La pitaya un elemento fundamental que, además de alimentar a las criaturas que lo habitan, ha sido utilizado por los pueblos originarios como unidad de medida para determinar el tiempo transcurrido en dicha región. El pitayo dulce del Desierto de Sonora, uno de los organismos más emblemáticos y complejos de la zona, es, también, de los más nobles. El uso que los pobladores de esta región han dado a esta planta, desde la antigüedad hasta la actualidad, no se reduce a la alimentación, pues la aparición de sus deliciosos frutos marca, también, el fin del ciclo anual, la llegada de las lluvias y la regeneración de la naturaleza.
Los misioneros europeos ya habían reconocido que con la temporada de pitaya llegaba la alegría a los primeros pobladores de esta tierra. La lluvia y sus frutos eran recibidos con fiestas y rituales que demostraban el profundo respeto que se les tenía, respeto que nacía de un conocimiento, igualmente profundo, sobre la importancia de estos elementos para la vida de los pueblos. Desafortunadamente, hoy en día las cosas han cambiado. El hombre moderno ha desarrollado prácticas que terminan por perjudicar la relación armoniosa con el Desierto, al grado de amenazar con desaparecer a sus símbolos más emblemáticos. Así ha sucedido con actividades como la ganadería, la minería, la agricultura y la pesca.

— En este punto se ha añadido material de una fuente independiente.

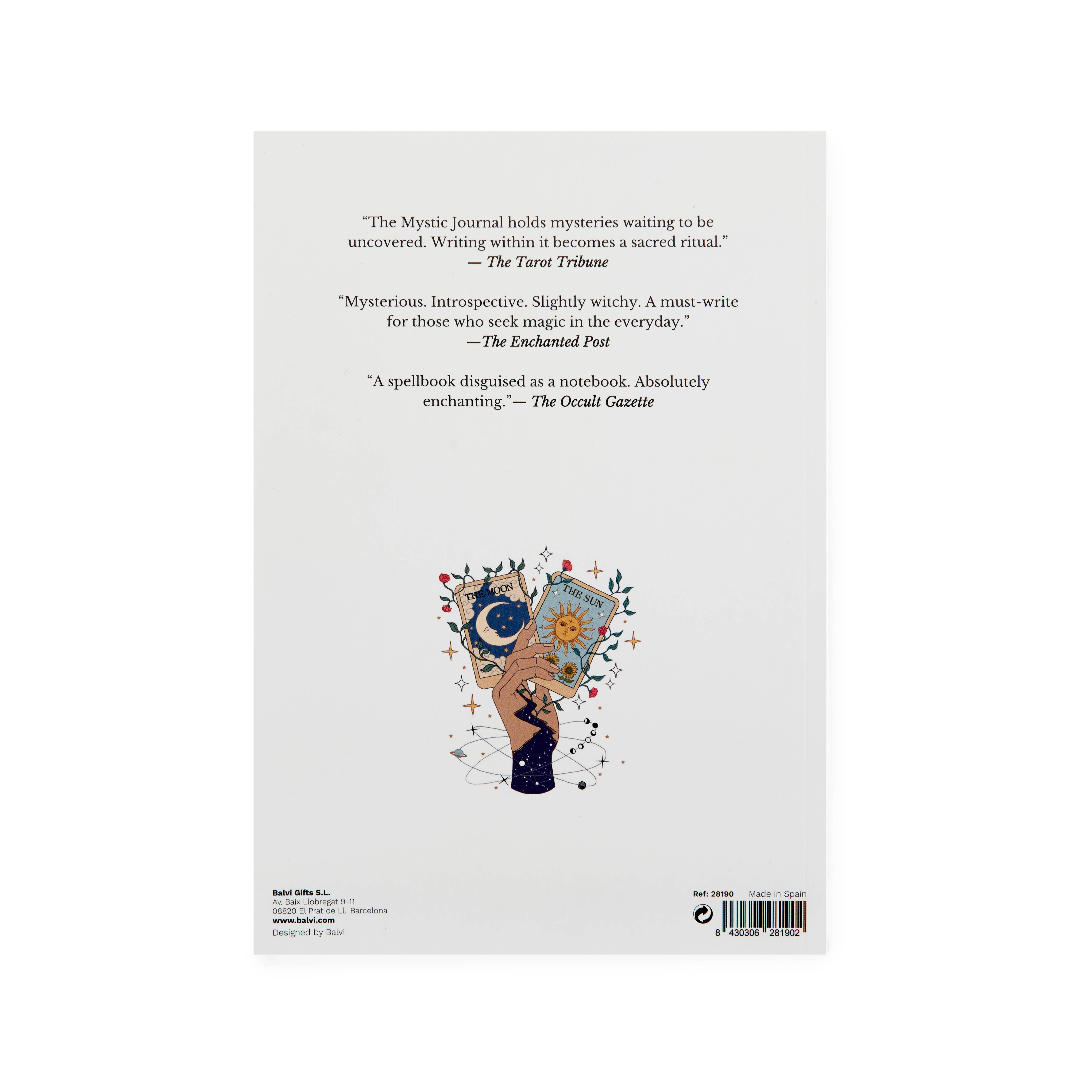 Balvi – Diário por atacado – Caderno The Mystic Journal A5 em papel2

Sin embargo, entre las enseñanzas que el mismo Desierto nos da se encuentra la de mostrarnos que la naturaleza sabe abrirse camino. Parte de este ecosistema son sus mismos pobladores, esos que lo han habitado por generaciones y que han aprendido de él a lo largo del tiempo. Su conocimiento, manifestado en sus formas de interactuar con el Desierto, se nos deja ver año con año, cuando la tradición de la recolección de la pitaya vuelve, borrando así la distancia entre el presente y el pasado.
Tal parece que la pitaya no sólo permite medir el tiempo, sino también viajar en él, reunirse, aunque sea por un momento, con el hombre antiguo, quien vuelve a la región con el fruto mismo.